Categories
Developing & Application Integration

Next-Level S3 Notifications With EventBridge

In this post I will use AWS managed services to enhance my S3 user experience with custom EventBridge notifications that are low cost, quick to set up and perform well at scale.

Table of Contents

Introduction

I’ve been restoring some S3 Glacier Flexible Retrieval objects lately. I use bulk retrievals to reduce costs – these finish within 5–12 hours. However, on a couple of occasions I’ve totally forgotten about them and almost missed the download deadline!

Having recently set up some alerting, I decided to make a similar setup that will trigger emails at key points in the retrieval process, using the following AWS services:

  • S3 for holding the objects and managing the retrieval process
  • EventBridge for receiving events from S3 and looking for patterns
  • SNS for sending notifications to me

The end result will look like this:

Let’s start with SNS.

SNS: The Notifier

I went into detail about Amazon Simple Notification Service (SNS) in my last post about making some security alerts so feel free to read that if some SNS terms are unfamiliar.

Here I want SNS to send me emails, so I start by making a new standard topic called s3-object-restore.
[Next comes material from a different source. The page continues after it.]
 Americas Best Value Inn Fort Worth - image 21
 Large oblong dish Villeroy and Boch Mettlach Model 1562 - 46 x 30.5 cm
I then create a new subscription with an email endpoint and link it to my new topic.

This completes my SNS setup. Next I need to make some changes to one of my S3 buckets.

S3: The Storage

Amazon S3 stores objects in buckets. The properties of a bucket can be customised to complement its intended purpose. For example, the Default Encryption property forces encryption on buckets containing sensitive objects. The Bucket Versioning property protects objects from accidental changes and deletes.

Here I’m interested in the Event Notifications property. This property sends notifications when certain events occur in the bucket. Examples of S3 events include uploads, deletes and, importantly for this use case, restore requests.

S3 can send events to a number of AWS services including, helpfully, EventBridge! This isn’t on by default but is easily enabled in the bucket’s properties:

My bucket will now send events to EventBridge. But what is EventBridge?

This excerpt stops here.